Even though we have updated the CRM settings, the SQL Server instance still has references to the old server name. In order to resolve this we need to go into SQL Server and run the following T-SQL:

use master

go

SELECT @@Servername

exec Sp_dropserver ‘Value returned by @@ServerName’

exec Sp_addserver ‘The current server name’,local

Restart the SQL Server instance after executing the above T-SQL.

Fixing the SSRS Configuration

If the SQL Server Name is still showing the old server name you need to click on Change Database and redeploy the reporting database either to a new database or overwrite the existing one.

picture1

Fixing Deployment Manager (New Organisation and Web Service End Points)

To fix the browse link going to wrong (old server) and to ensure end-points displayed in CRM organisation application is correct you need to the update the following which you get to by right-clicking on the top node in deployment manager (Microsoft Dynamics CRM Server) then editing the properties:

picture2

After which the Deployment Manager new organisation functionality should work.
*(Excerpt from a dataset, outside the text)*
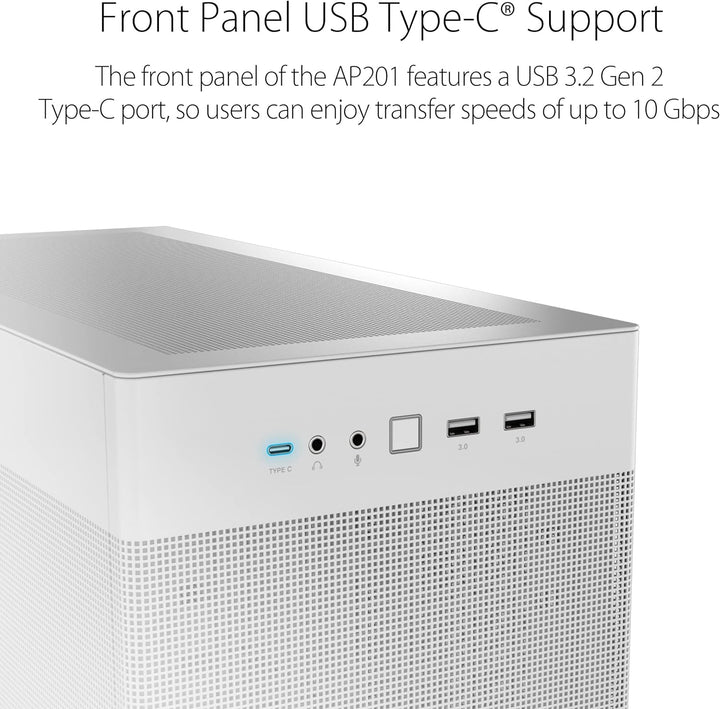 ASUS Prime AP201 MicroATX Gehäuse weiss (33 Liter, unterstützt 280- & 360-mm-Kühler, Grafikkarten bi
It is worth noting the above was also needed to fix the CRM diagnostic checks which are done by both deployment manager or when you try to change the CRM installation via add/remove programs.

Finally: Restart the Server.

Did it work?

For me it appears to be working ok.

Should you do it?

Nah absolutely not! It is best to do a clean re-install. The moment I encounter a strange issue within this dev environment you can bet money on it that I will do a clean install of CRM 2016 because it will always be in the back of my mind “could this be related to that time I changed the server name!” however for academic purposes thought would share the experience.